Implementation Tips for Nursing Home Providers
Train the whole team. Your staff cannot be expected to embrace what they do not know. Even if your facility has not been proactive in learning the new 3.0 changes, it is not too late to get onboard. Train a backup MDS coordinator, as a vacancy in this position can have serious negative implications from care to survey to reimbursement.

Keep current on changes. Changes to MDS 3.0 are expected even into 2011. Stay current by going to the CMS website often and develop a process to disseminate information in the facility.

Practice the interview process. The interview process is new, and many may not embrace it easily. Time and repeated use will prove it worthy of the effort.

Develop self-auditing processes.

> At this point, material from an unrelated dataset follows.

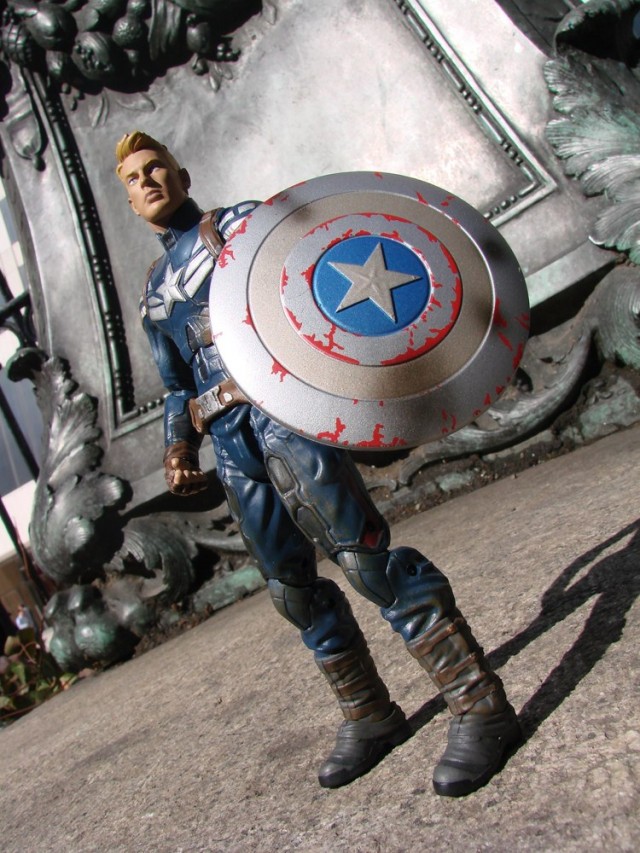 marvel select captain america winter soldier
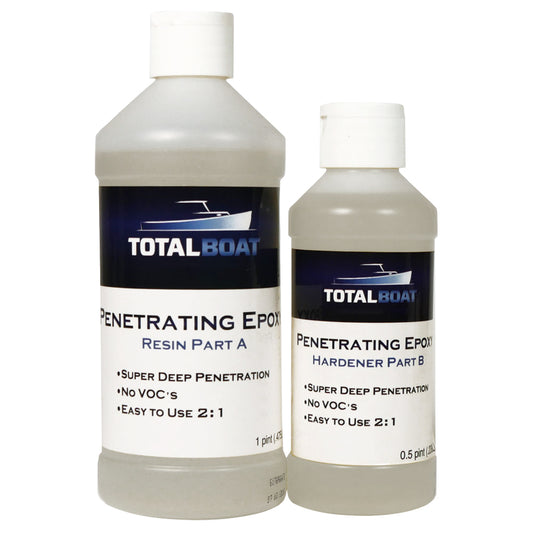 TotalBoat Penetrating Epoxy Sealer Pint Kit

This helps verify accuracy.

Develop a strong working relationship between clinical and billing departments for processing the RUG IV.

Increase your skill in determining an ARD. Try several and see which one offers the best reimbursement option.

Buy the book. Make sure every team member has access to the RAI manual.

— Wilma Wheeler, RA, WOCN, RLNC, RAC-CT, is a senior risk management consultant for Risk Management Solutions.